Source data
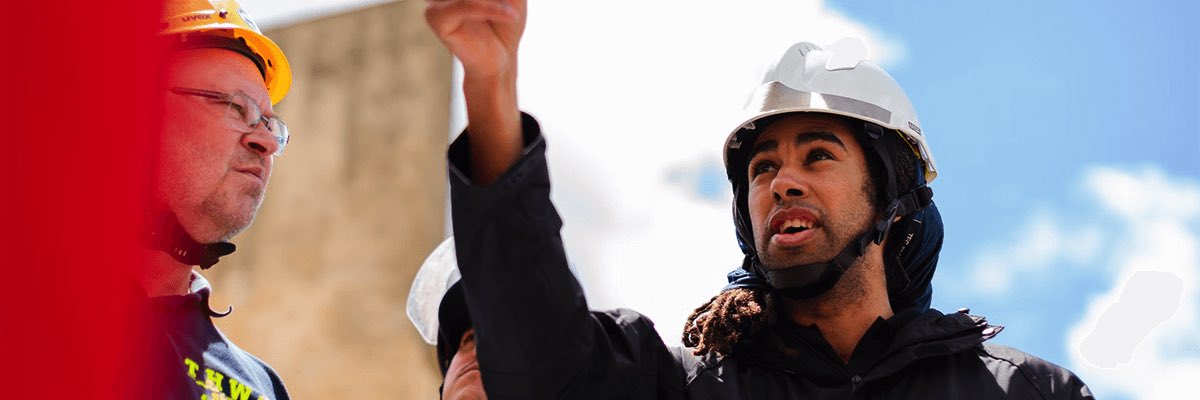 man in black jacket wearing yellow hard hat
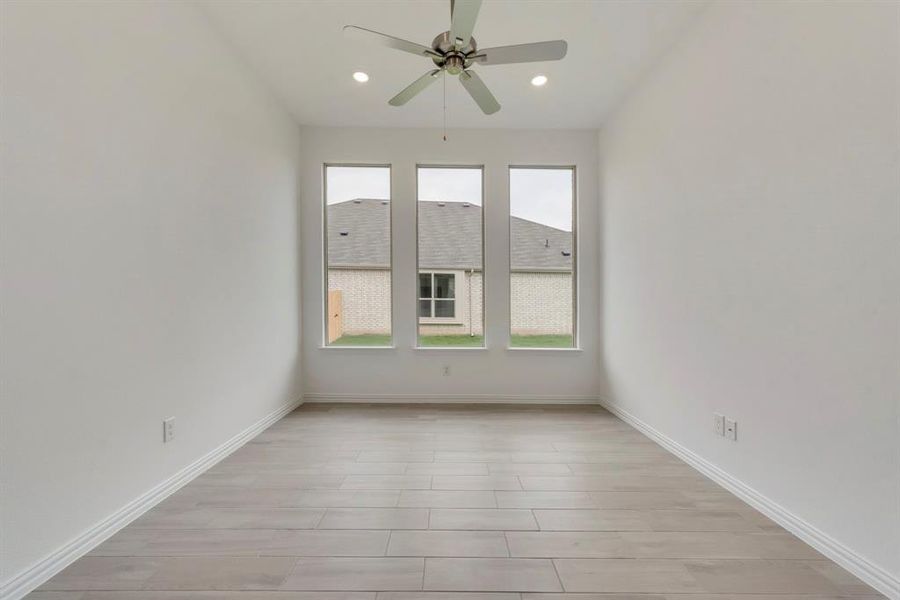 Unfurnished room featuring plenty of natural light, ceiling fan, and light wood-type flooring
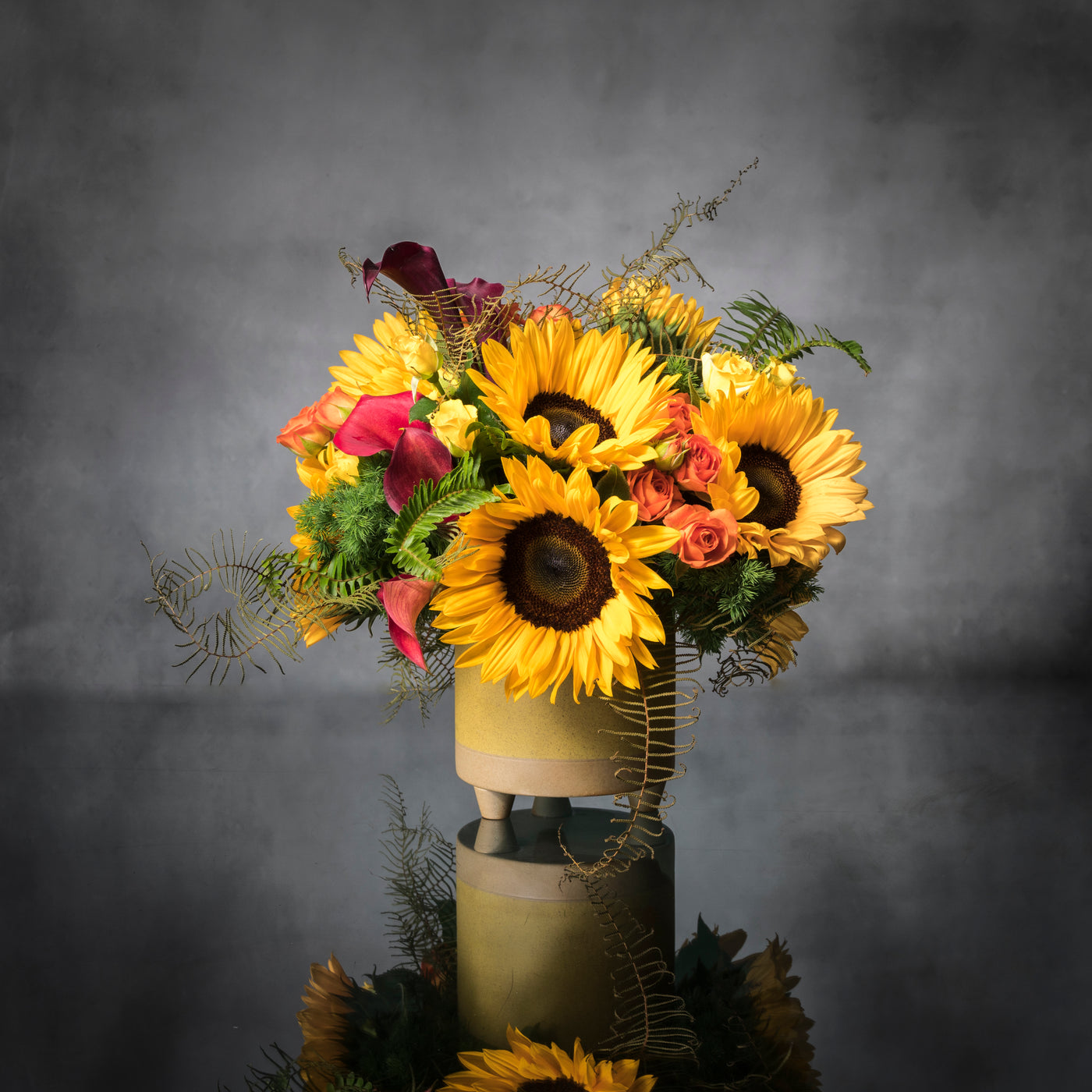 Beautiful Sunshine arrangement with sunflowers in a yellow ceramic-footed vase, available for same-day delivery by Beverly Hills Florist.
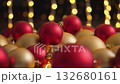This vibrant collection of red and gold Christmas ornaments is beautifully set against soft bokeh lights, evoking a warm holiday spirit perfect for celebration and festive gatherings 132680161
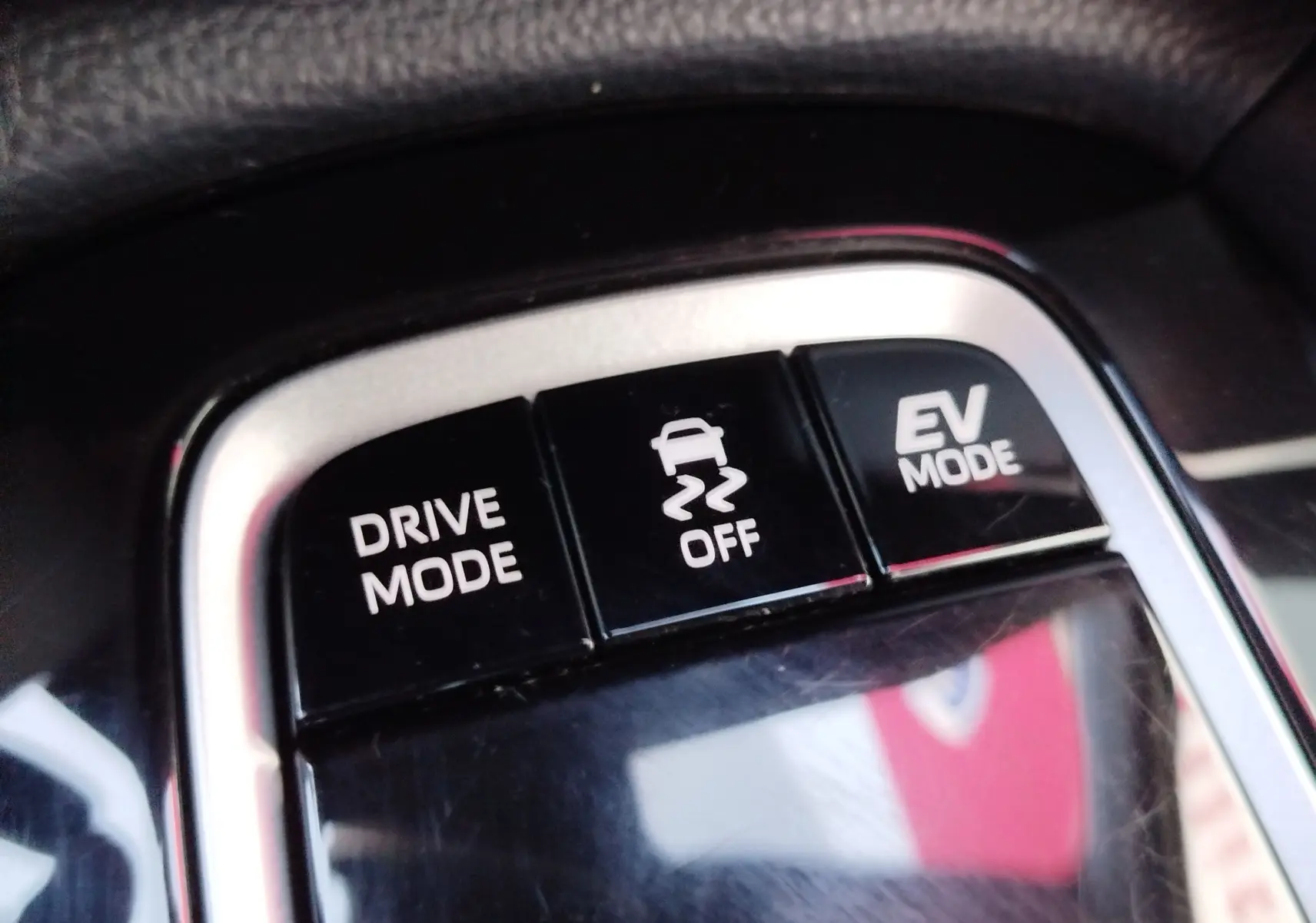 Gros plan sur les boutons de commande du mode de conduite et mode EV dans l'habitacle de la Toyota Corolla Cross gris minéral 2025.
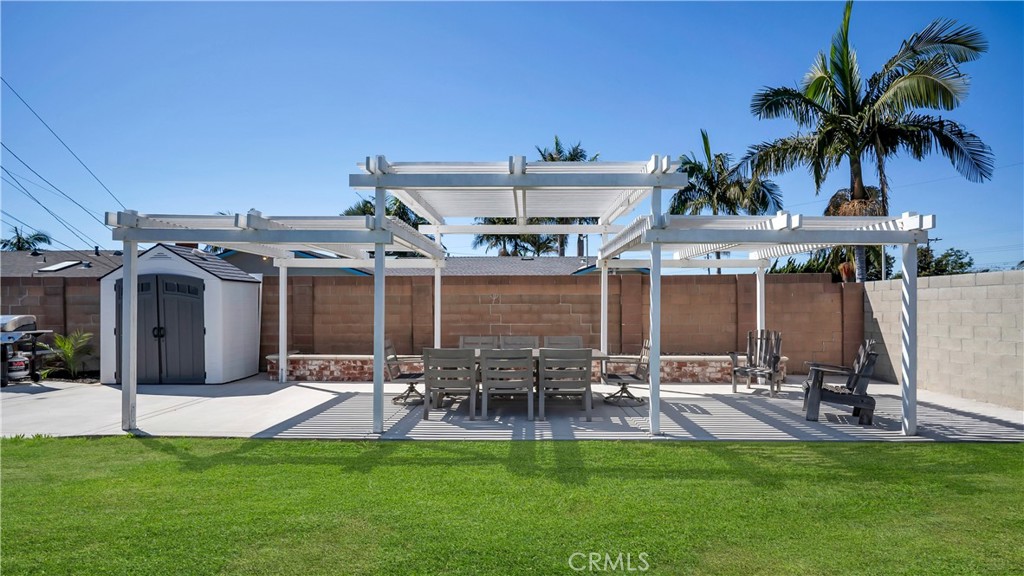 16281 Golden Gate Lane Huntington Beach, CA 92649 - Photo 21 of 22 a view of a patio with table and chairs with plants and palm trees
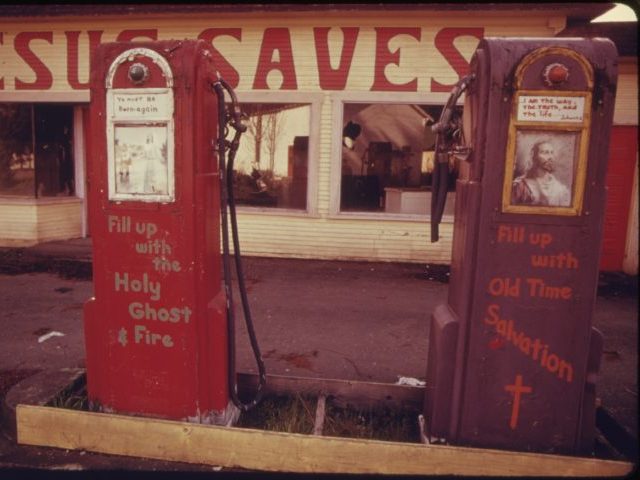 Color photograph of an abandoned gas station being used as a billboard for religious messa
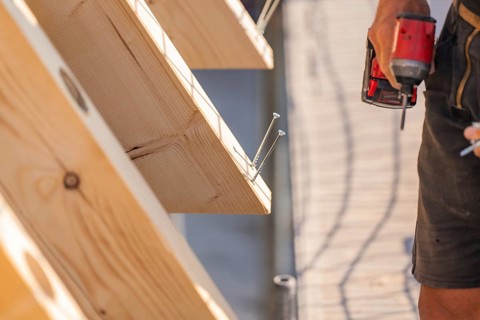 Worker holding drill next to wooden board with screws already screwed in, carpentry, new building,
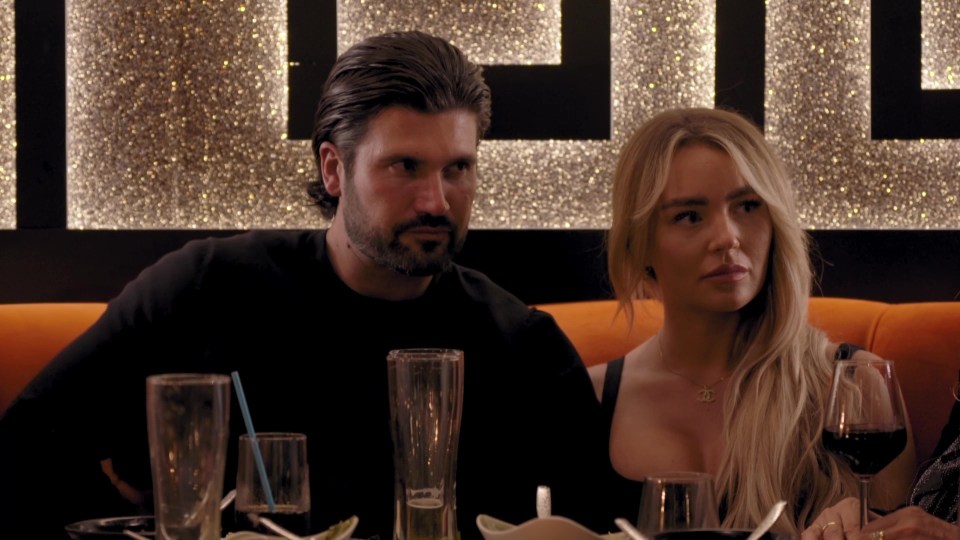 Dan Edgar and Ella Wise seated at a restaurant.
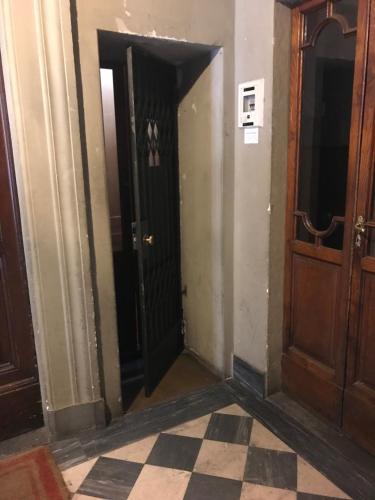 a hallway with two doors and a checkered floor at Hotel Giglio in Florence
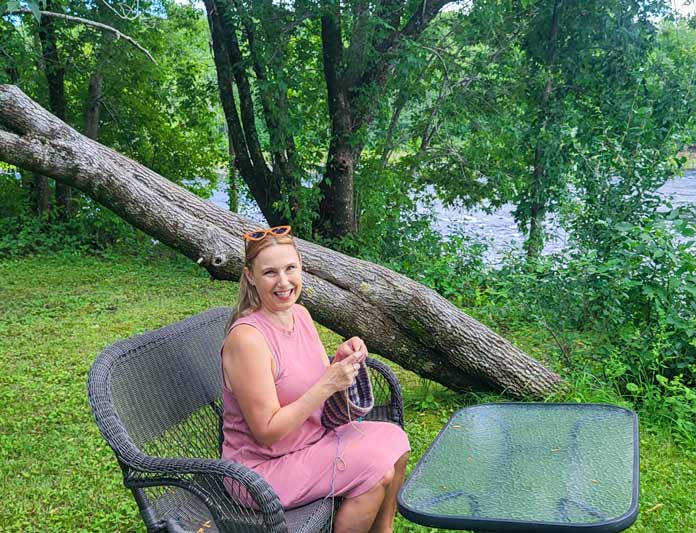 Michelle Porter is seated on a wicker garden bench as she knits a blue and brown striped cowl, worked in UNIVERSAL YARN Deluxe Stripes, color Timber on KNITTER’S PRIDE Dreamz circular needles, with a scenic river in the background.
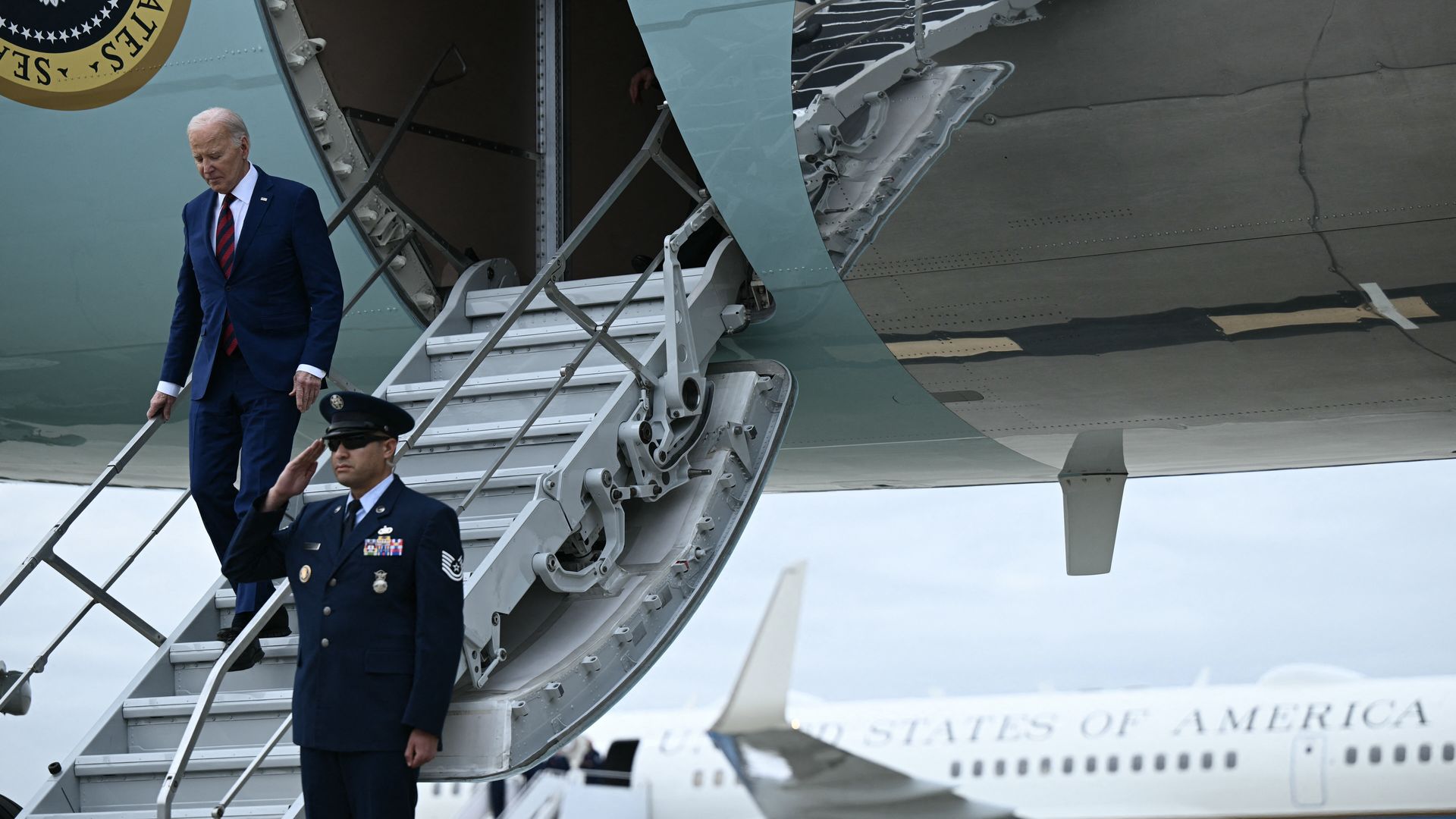 US President Joe Biden exits Air Force One upon arrival at Raleigh-Durham International Airport in Raleigh, North Carolina, on March 26, 2024. (Photo by Brendan SMIALOWSKI / AFP) (Photo by BRENDAN SMIALOWSKI/AFP via Getty Images)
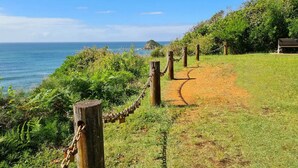 A coastal path with a chain-link fence, leading to a bench overlooking the sea. - Sea Whispers - ocean outlook, walk to 3x beaches (Port Macquarie)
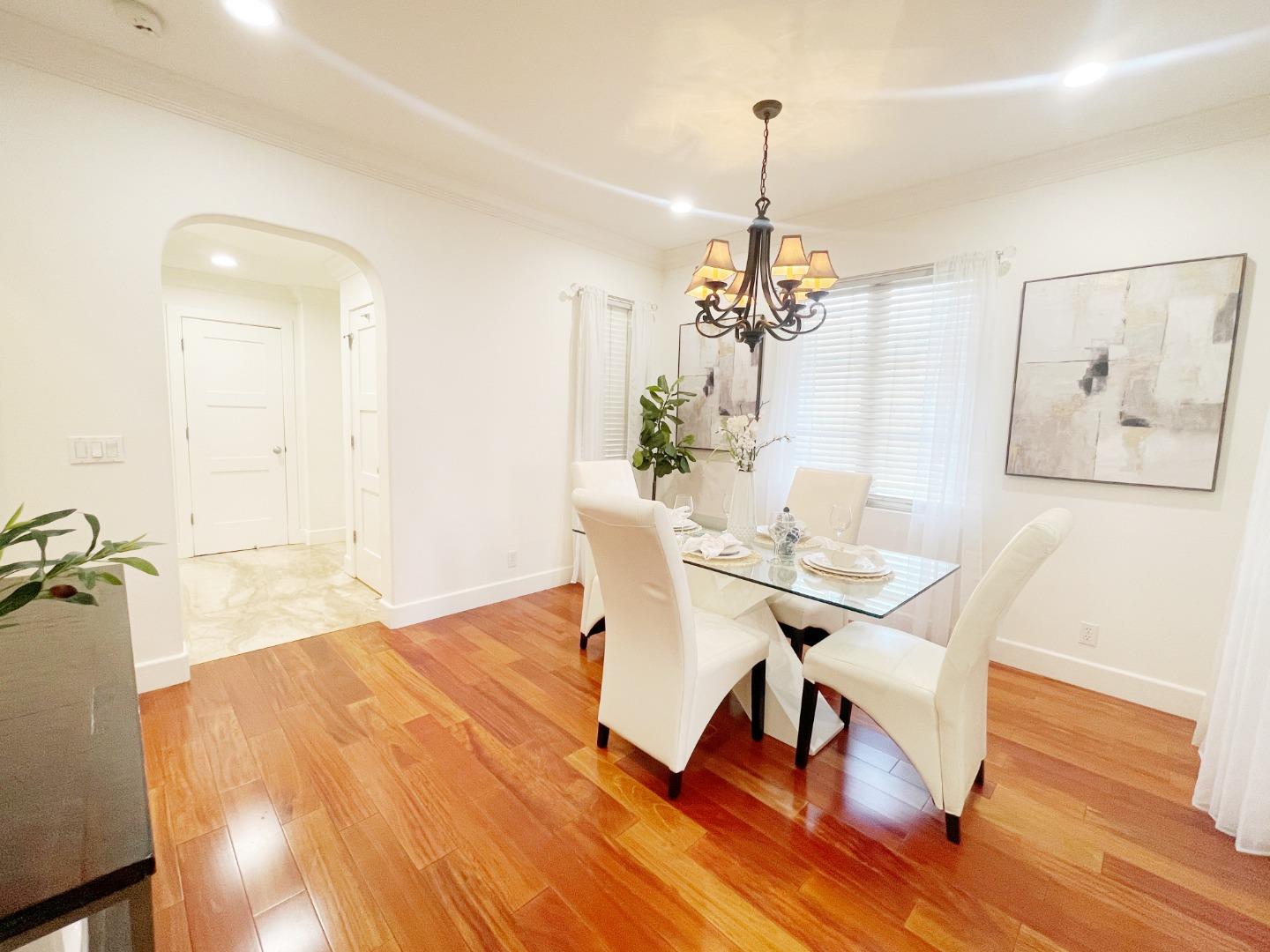 1325 Dahlia Loop San Jose, CA 95126 - Photo 6 of 31 a view of a dining room with furniture and wooden floor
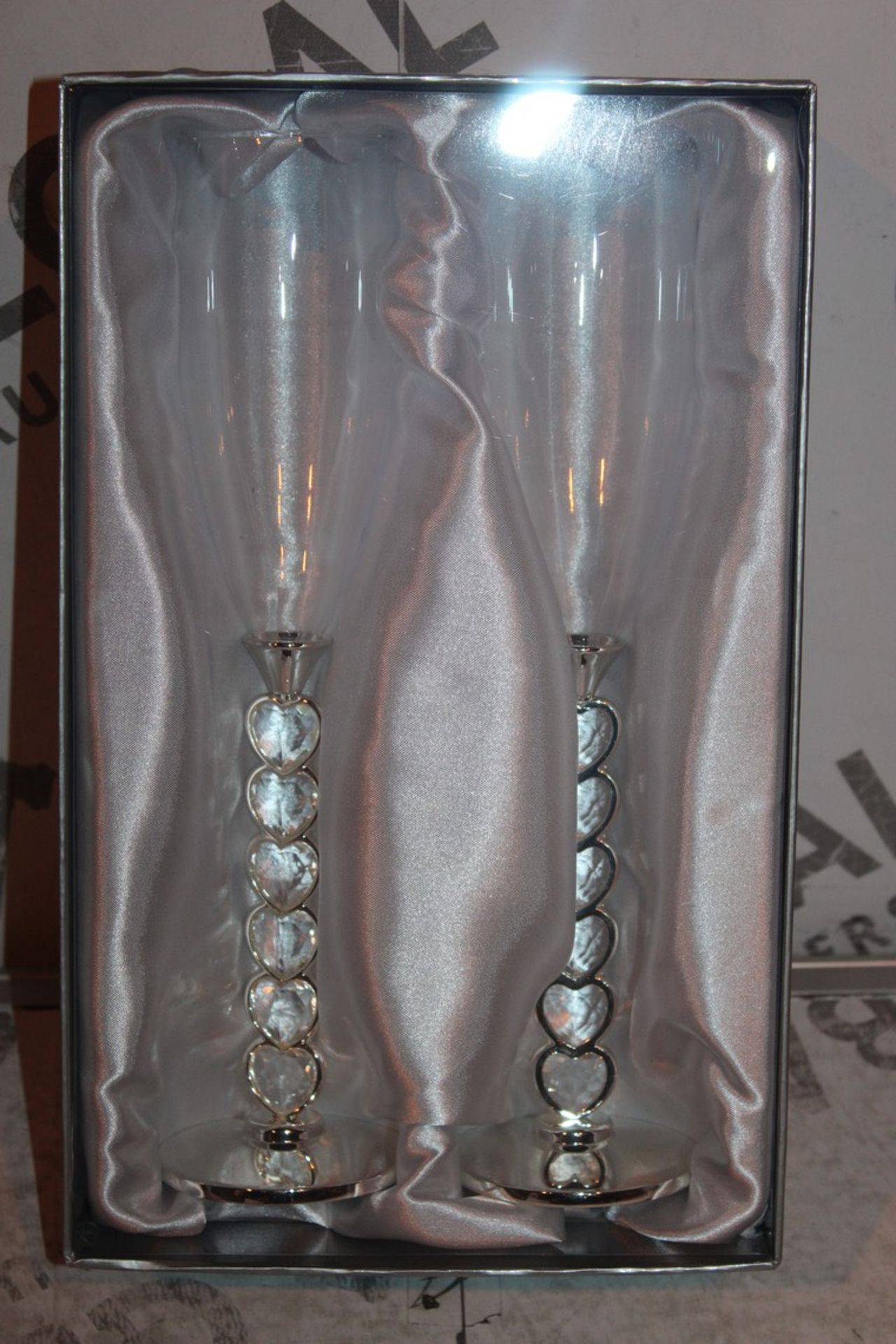 Lot to Contain 10 Pairs of Heart Stem Champagne Flutes Combined RRP £200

**YOUR ASSIGNMENT**
Your answer is the exact run of lines above from the one with "Unfurnished room featuring" through the one with "Beautiful Sunshine arrangement", both ends included, minus any picture.

**SOLVED EXERCISE**
 Unfurnished room featuring plenty of natural light, ceiling fan, and light wood-type flooring
 Beautiful Sunshine arrangement with sunflowers in a yellow ceramic-footed vase, available for same-day delivery by Beverly Hills Florist.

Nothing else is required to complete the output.